Often, grid graphics are mentioned in passing in introductory descriptions of trellis (lattice) graphics, since the lattice package is based on grid graphics. This package is discussed in The R Book, and I have used it occasionally because it does support things like violin plots that are not part of base graphics. To date, I haven’t used it much because I find the syntax much more complicated, but I plan to look further into it, since it does appear to have a lot more capability than base graphics do. Also, Murrell’s R Graphics book devotes a chapter to trellis graphics and the lattice package, which goes well beyond the treatments given in my other R references, and this provides me further motivation to learn more. The fourth approach to R graphics – Hadley Wickham’s ggplot2 package – was much discussed at the UseR! Meeting, appearing both in examples presented in various authors’ talks and as components for more complex and specialized graphics packages. I have not yet used ggplot2, but I intend to try it out, since it appears from some of the examples that this package can generate an extremely wide range of data visualizations, with simple types comparable to what is found in base graphics often available as defaults. Like the lattice package, ggplot2 is also based on grid graphics, making it, too, incompatible with base graphics. Again, the fact that Murrell’s book devotes a chapter to this package should also be quite helpful in learning when and how to make the best use of it.

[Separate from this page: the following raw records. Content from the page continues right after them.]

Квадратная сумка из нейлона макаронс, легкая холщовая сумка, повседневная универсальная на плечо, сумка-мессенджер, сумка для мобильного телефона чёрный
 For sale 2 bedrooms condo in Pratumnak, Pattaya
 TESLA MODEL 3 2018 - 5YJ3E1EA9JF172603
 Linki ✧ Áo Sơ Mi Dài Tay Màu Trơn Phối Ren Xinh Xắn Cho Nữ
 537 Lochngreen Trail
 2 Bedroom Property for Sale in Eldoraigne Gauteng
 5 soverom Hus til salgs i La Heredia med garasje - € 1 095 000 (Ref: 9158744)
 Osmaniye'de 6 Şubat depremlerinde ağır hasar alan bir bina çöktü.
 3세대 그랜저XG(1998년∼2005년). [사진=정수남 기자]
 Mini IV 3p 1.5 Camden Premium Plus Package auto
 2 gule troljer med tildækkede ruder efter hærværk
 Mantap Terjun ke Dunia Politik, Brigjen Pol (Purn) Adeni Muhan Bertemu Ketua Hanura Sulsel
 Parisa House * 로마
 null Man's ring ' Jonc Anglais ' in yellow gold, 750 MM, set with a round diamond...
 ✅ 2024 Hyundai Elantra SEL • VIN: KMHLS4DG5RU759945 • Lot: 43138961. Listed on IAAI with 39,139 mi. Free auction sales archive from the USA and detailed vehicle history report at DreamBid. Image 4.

This year’s UseR! Meeting was the second one I have attended – I also went to the 2010 meeting in Gaithersburg, MD, held at the National Institute of Standards and Technology (NIST). Both have been fabulous meetings, and I fully expect future meetings to be as good: next year’s UseR! meeting is scheduled to be held in Spain and I’m not sure I will be able to attend, but I would love to. In any case, if you can get there, I highly recommend it, based on my experiences so far.